● **What the exercise asks**: Within the records, which lines hold the string "Breathable"? Report each one by copying it.

Saved entries:
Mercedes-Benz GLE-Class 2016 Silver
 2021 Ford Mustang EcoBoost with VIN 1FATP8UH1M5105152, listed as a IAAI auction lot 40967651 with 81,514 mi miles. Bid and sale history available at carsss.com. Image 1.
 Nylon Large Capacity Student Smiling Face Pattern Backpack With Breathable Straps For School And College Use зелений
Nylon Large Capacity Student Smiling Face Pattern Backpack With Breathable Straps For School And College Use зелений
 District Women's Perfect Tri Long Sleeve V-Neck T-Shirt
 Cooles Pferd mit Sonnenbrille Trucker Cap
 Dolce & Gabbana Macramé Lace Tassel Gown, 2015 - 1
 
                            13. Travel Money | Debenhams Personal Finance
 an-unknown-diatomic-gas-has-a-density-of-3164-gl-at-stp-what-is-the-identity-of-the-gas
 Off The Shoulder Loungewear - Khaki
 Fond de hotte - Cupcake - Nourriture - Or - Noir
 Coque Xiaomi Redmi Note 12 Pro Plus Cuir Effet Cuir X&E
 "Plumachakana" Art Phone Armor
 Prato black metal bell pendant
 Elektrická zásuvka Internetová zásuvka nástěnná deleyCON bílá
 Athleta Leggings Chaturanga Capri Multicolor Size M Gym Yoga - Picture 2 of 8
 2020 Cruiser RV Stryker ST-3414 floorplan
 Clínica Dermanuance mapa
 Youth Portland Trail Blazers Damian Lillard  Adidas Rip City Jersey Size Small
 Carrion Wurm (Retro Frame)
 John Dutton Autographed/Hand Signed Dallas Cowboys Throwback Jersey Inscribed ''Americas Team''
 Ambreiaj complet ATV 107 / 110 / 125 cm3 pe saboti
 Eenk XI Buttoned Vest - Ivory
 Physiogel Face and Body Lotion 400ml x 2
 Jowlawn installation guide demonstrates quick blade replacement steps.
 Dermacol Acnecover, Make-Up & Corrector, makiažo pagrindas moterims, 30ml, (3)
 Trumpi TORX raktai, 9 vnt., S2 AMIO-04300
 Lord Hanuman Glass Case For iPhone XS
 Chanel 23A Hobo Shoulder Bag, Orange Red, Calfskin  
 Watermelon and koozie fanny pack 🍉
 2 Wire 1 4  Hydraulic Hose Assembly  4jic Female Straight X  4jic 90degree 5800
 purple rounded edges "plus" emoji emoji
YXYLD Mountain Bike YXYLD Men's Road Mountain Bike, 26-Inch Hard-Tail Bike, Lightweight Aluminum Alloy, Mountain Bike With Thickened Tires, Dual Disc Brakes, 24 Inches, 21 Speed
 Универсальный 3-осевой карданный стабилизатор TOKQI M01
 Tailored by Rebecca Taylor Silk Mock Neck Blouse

● **Result of this exercise**:
 Nylon Large Capacity Student Smiling Face Pattern Backpack With Breathable Straps For School And College Use зелений
Nylon Large Capacity Student Smiling Face Pattern Backpack With Breathable Straps For School And College Use зелений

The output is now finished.